Tomato's genetic structure has been decoded. Researchers say that this discovery will enable tomato breeders to grow tomatoes with long shelf life as well as better flavors. They say that selective, precision breeding will be possible not just in tomatoes but also in other fruits related to the tomato family.

"It’s really all about making a better tomato. This work enables a lot of things we just couldn’t do before," said Allen Van Deynze, a molecular geneticist at the Seed Biotechnology Center at the University of California, Davis.

The research began in 2003 but breakthrough came in only in 2008 when "next-generation" technologies became available to decode the genetic structure.

According to the researchers, major developments in the modern tomato came around 60 million years ago and have been carried on since then.

"Several of the genes 'born' at that second triplication stayed in the genome for tens of millions of years. Then, relatively recently, they changed their function — this brought about the appearance of the fleshy fruit as we know it today." The tomato is already an established model for fleshy fruit development, so the information will also be useful for breeding fruits such as strawberries, melons and bananas," said Giovanni Giuliano, Italian National Agency for New Technologies, Energy and Sustainable Economic Development in Rome, and lead researcher, Nature reports.

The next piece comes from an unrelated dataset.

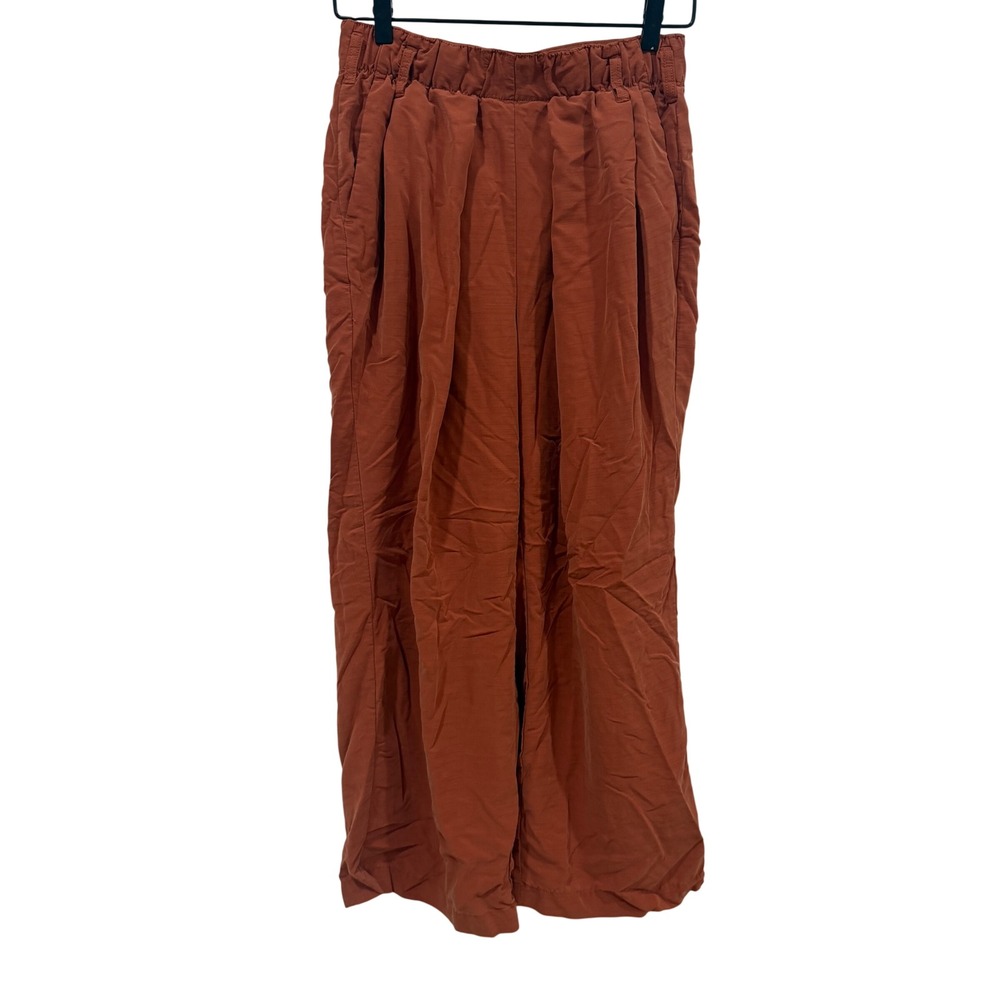 Free‎ People Rust Orange Modal Blend Wide Leg Pleated Trousers XS OB1017188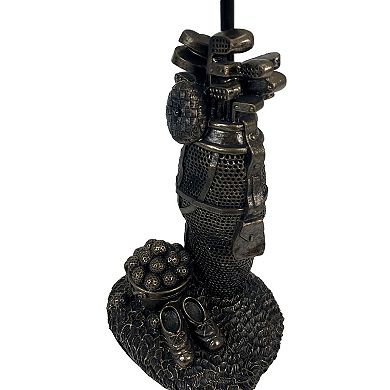 Golf Lovers Tee Light Golf Bag Table Lamp w/Decorative Shade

Experts say that we might soon have access to tomatoes that that home-grown taste.

"Now that we have the genome it will be possible to actually target the genes that control flavor separately from those that control shelf life. So it should be possible in the very near future to have tomatoes that last a long time but develop a very dark red color, are full of phyto chemicals and are much more tasty," said Professor Seymour at the University of Nottingham to BBC.

Breeding crops that are genetically modified have led to a lot of controversy and public concern in the past. Experts believe that knowledge of the genetic code will help breeders grow pesticide resistant crops.

"It's very likely at the moment that it will just be better breeding through conventional techniques. The genome sequence allows us to target those gene variants in the wild species and bring them into the cultivated lines and do that relatively effectively," said Prof Seymour.